He first appeared in Harry Enfield's Television Programme as an annoyingly energetic little brother who constantly vexed his older brother with his irritating catchphrases and habit of bursting into his room when he was with a girl.
In the first episode of Harry Enfield and Chums (the new name for the show), Kevin, now sans his older brother, reached his thirteenth birthday. The sketch showed his parents watching in horror as Kevin lost his sense of dress, courtesy and posture, thus becoming Kevin the Teenager, one of the most memorable of Harry Enfield's comic creations.
Wearing a baseball cap the wrong way round and with his red hair flopping over his face, Kevin is incredibly rude to his despairing parents, frequently shouting "I hate you, I wish I'd never been born!" at them, and insisting that everything is "so unfair!". In one sketch, when his father asks him to wash his car, Kevin ends up taking the entire day to complete the task due to his inability to get out of bed before noon and an apparent allergy to work, and in another sketch, though wide awake, he made the most primitive of attempts at tidying his room when required to do so. The character is also heavily dictated by peer pressure, and was seen in various other sketches trying to sound like Ali G, or people in Oasis.

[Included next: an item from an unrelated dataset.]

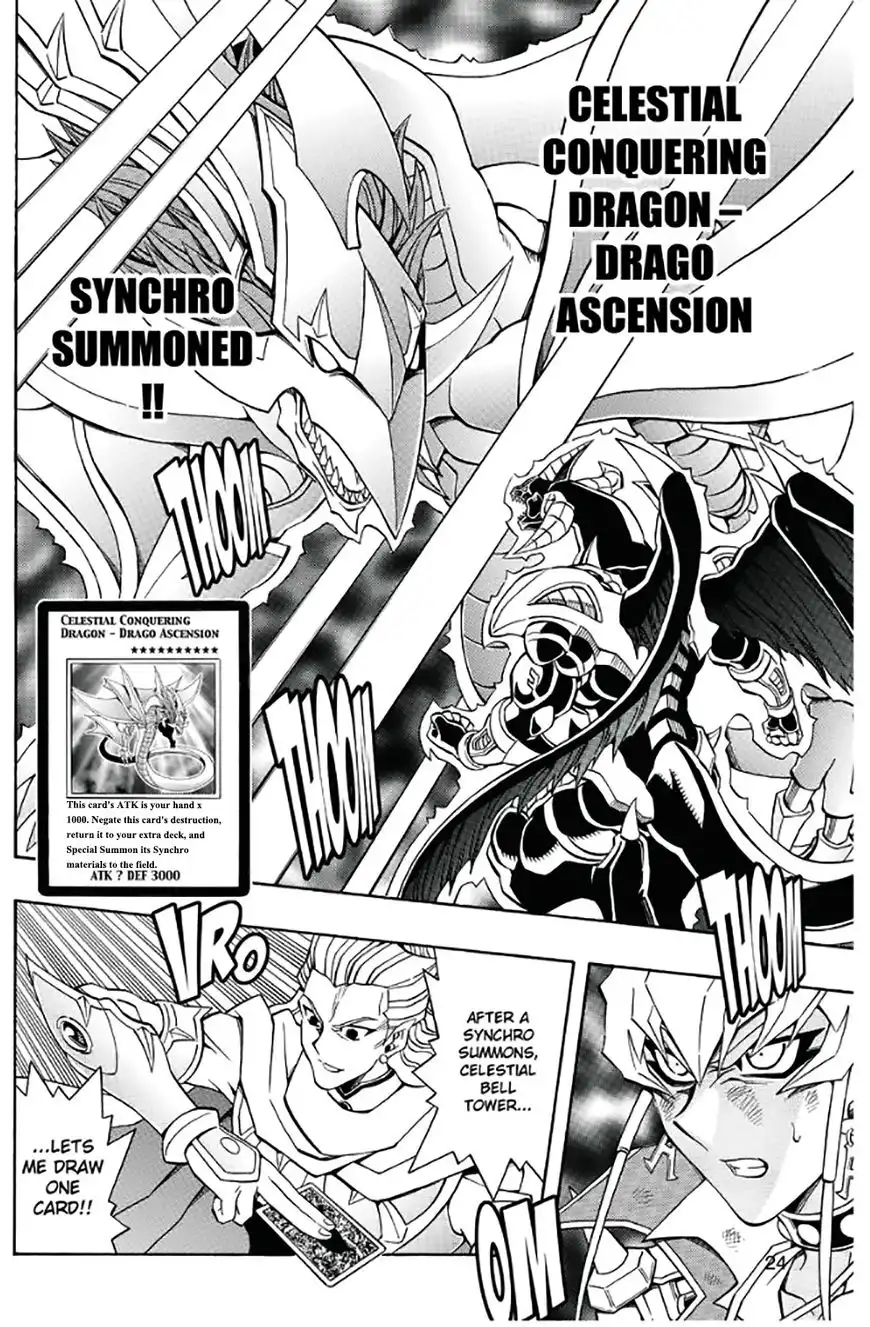 Yu-Gi-Oh! 5Ds - A Chapter 47 22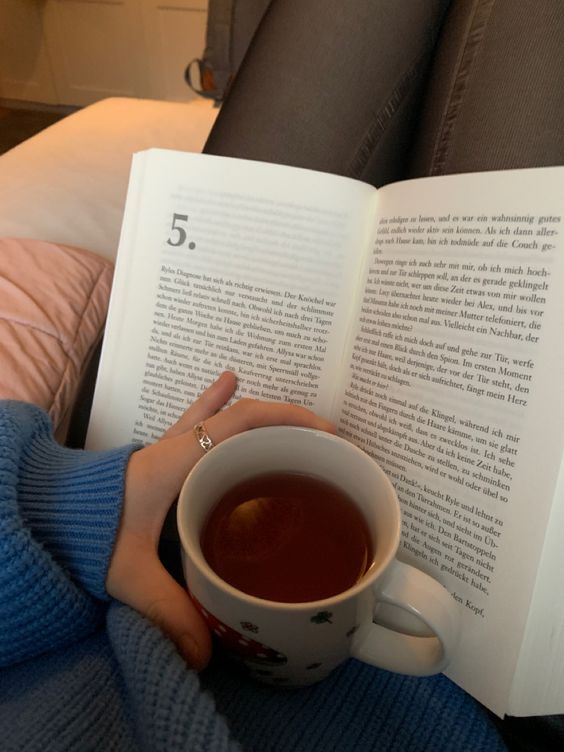 Почему стоит читать каждый день: 10 преимуществ чтения книг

His best friend is another teenaged boy named Perry (played by the actress Kathy Burke). They starred in a 2000 feature film, Kevin & Perry Go Large.
One of the interesting points made in the sketches is the suggestion that teenage boys are always very polite to all parents except their own. Kevin and Perry heap immense amounts of abuse on their own respective parents (though Perry shouts at his down the phone rather than face to face) yet are incredibly polite to each other's parents. In one sketch, Kevin's plans to host a party go wrong and ends with the house being trashed. Despite his frequent declarations of hatred towards his parents, Kevin ends up crying whilst his long-suffering mother gives him a much needed hug.
Aside from playing video games, Kevin's one aim in life is to lose his virginity, or at least to prove that he has a girlfriend. From boasting about the (imagined) joys of sex to placing the nozzle of a vacuum cleaner to his neck to look as though he has received a love bite, he is determined to prove that he has "done it". He eventually does lose his virginity in one sketch during a drunken party. The following morning, he wakes up transformed into a nice, polite and helpful young man, but his mother later realises this side of the story was a dream. Unless Kevin's loss of his virginity was part of the dream too, the plot of Kevin & Perry Go Large would have been a massive continuity error, as one aspect of the film is for Kevin and Perry to lose their virginity.
Due to this and the other characters in Harry Enfield and Chums' getting positive feedback and statements of the truth behind the writers' observations, the term "Kevin the Teenager" has entered British vernacular to describe any adolescent who is bad-tempered or rebellious ("He's a right Kevin the Teenager!"). It can even be applied to female adolescents, although in the wake of the the more recent Little Britain or The Catherine Tate Show, an uncontrollable female adolescent is more likely to be referred to as "a Vicky Pollard" or "a Lauren Cooper". It is also interesting to note that in the channel 4 series Skins he plays father to a teenager that seems like a modern reflection of Kevin the Teenager.
Kevin's father has been played by three different actors. He was originally played by Duncan Preston but the most famous version is probably Stephen Moore. In Kevin & Perry Go Large, Kevin's father was played by James Fleet (who had previously appeared in a sketch as one of Kevin's teachers). Kevin's mother has been played by two actresses, the most common being Louisa Rix, who played his mother from Harry Enfield and Chums to Kevin & Perry Go Large. Caroline Quentin played his mother in Harry Enfield's Television Programme, before Kevin was a teenager.
[edit] Trivia
- On the 29 June 2007 episode of English television programme The Friday Night Project, Lily Allen told the audience that the character was based on her older sister, Sarah.